Кроме начальника санчасти необразованного фельдшера Горчакова, в лазарете работали дневной и ночной санитары, малолетний дневальный Сашка и две вольные медсестры – высокая и спокойная Рита и молоденькая, пугливая Маруся.
Белозерцев, домывая пол, увидел, что дальние деревянные бадьи для мочи стоят полные, крикнул зло и громко дневального:
– Сашка, суч-чий кот, Пушкин парашу выносить должен?!
Сашка не отозвался.
– Сашка, сучонок!
– На ларе с углем спит… – подсказал чей-то измученный болью голос.
Сашка был четырнадцатилетний худощавый мальчишка, получивший год лагеря за побег из ФЗУ [74] . Бежал в родную деревню, к мамке, которая отдала
74
ФЗУ – Школа фабрично-заводского ученичества. С 1940 по 1953 год в школу принималась и мобилизовывалась молодежь 14-18 лет для обучения рабочим специальностям. За побег давался срок.
Белозерцев нащупал под бушлатом тощее, будто резиновое Сашкино ухо, потянул легонько и зашептал в это ухо:
– Еще раз, бля, увижу, на общие отправлю! Понял меня?!
Сашка соскочил с ларя, сунулся, было, к двери, но вспомнив, что пришел за углем, открыл крышку. Белозерцева он не боялся. Получал от него каждый день, но злобы в санитаре не было и даже наоборот – его родной отец к нему так хорошо не относился.

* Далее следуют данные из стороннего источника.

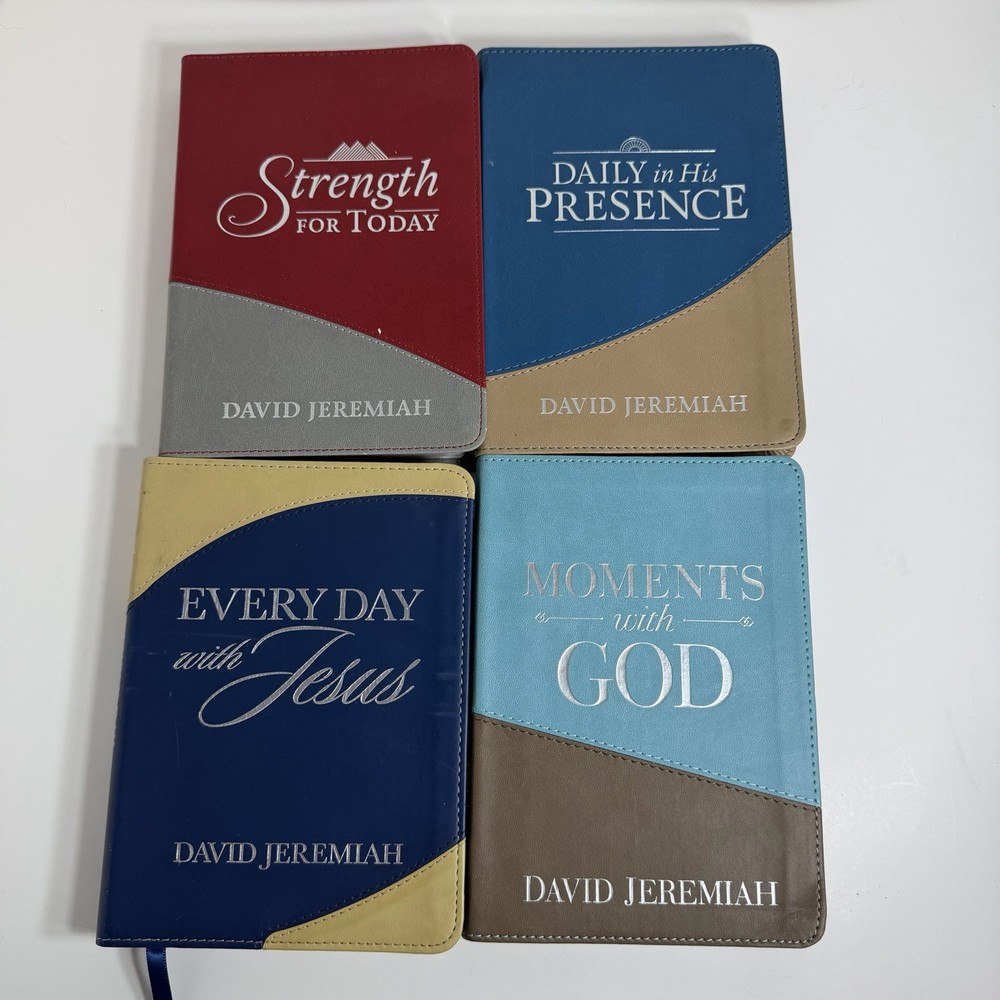 David Jeremiah Leather Turning Point Books Lot Strength for Today Daily in His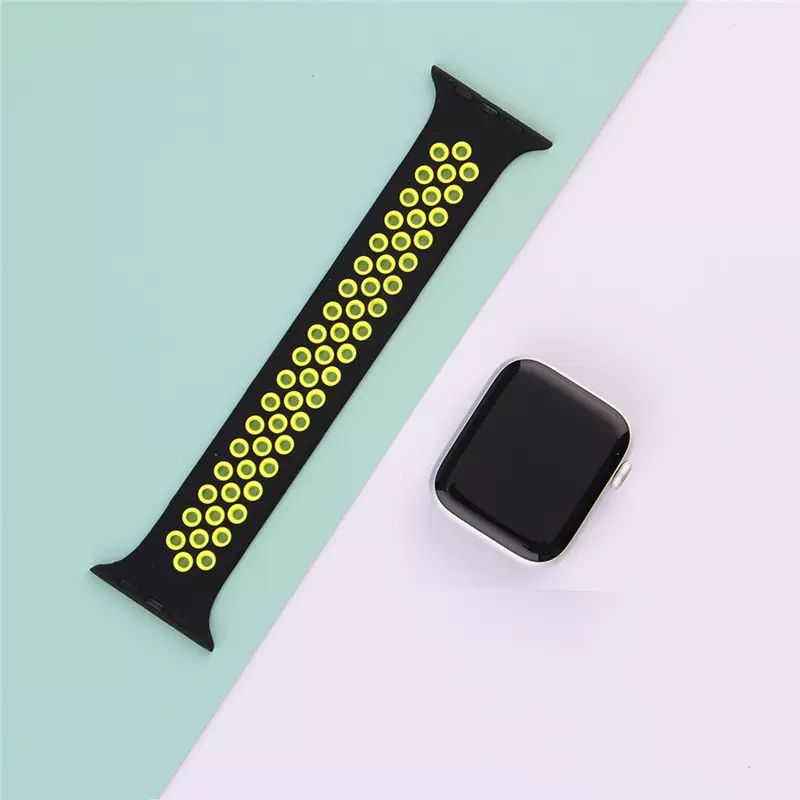 بند کروکودیل مدل C-nike مناسب برای اپل واچ سری 6 42 / 44 میلی متر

Пришли медсестры, принесли запах воли. Дневальные притащили из столовой чай, нарезанные хлебные пайки на больших подносах и сахар. Сашка встал на раздачу, а Белозерцев, наказав ему выстирать бинты и следить за парашами, быстренько выпил чай, надел под бушлат чистый белый халат и пошел к земляку Женьке Малых.
Женька был не просто земляк, они жили в Куйбышеве на соседних улицах. Тогда, правда, они не знали друг друга. Женька, в отличие от Шуры, успел демобилизоваться и хорошо погулять, отходя от войны и душой, и телом. Шура за это время сменил два лагеря, один другого хуже, прошел три пересылки и четыре разных бригады.
Они познакомились на этапе, в трюме теплохода «Иосиф Сталин», и Шура всю дорогу до Ермаково расспрашивал, как там теперь на его улице и в их доме, и не встречал ли он такой симпатичной, рыжеватой женщины средних лет с двумя белобрысыми пацанами шести и восьми годков? Спрашивал про рынок, почем там жратва? Работают ли теперь, как раньше, пивные в парке над Волгой, и все так ли хорош закат солнца на ту сторону реки, когда сидишь в такой пивной? Там все было так же, Женька рассказывал с подробностями, привирал весело, особенно про свои похождения с девушками. В лагерь он загремел за драку с милиционерами, как раз в этом парке в центре города, но больше за пьяные высказывания в адрес родной власти во время этой драки. Он, с одной стороны был сынком большого начальника и скорее всего поэтому получил всего семь лет, а с другой – ловок был пристраиваться. Только прибыли в Ермаково – это был его первый лагерь – Женька устроился писарем, а вскоре стал личным секретарем начальника лагеря Воронова.
Белозерцеву Женька был должен – зачем-то срочно надо было лечь Женьке в лазарет – и Шура ему помог. Лагерный долг – дело святое, Шура теперь очень рассчитывал на разовый пропуск за зону – секретарю начальника это было раз плюнуть.
Было уже семь утра, у вахты, как днем было освещено прожекторами, а за ней снова черная, как деготь, ночь и плохо освещенный поселок. Хорошо, что темно! – думал Шура, поглядывая за колючку, – с закрытыми глазами дорогу найду, по темноте и вернуться можно. Он не сказал ничего Горчакову, потому что нечего пока было сказать, с пропуском могло не получиться.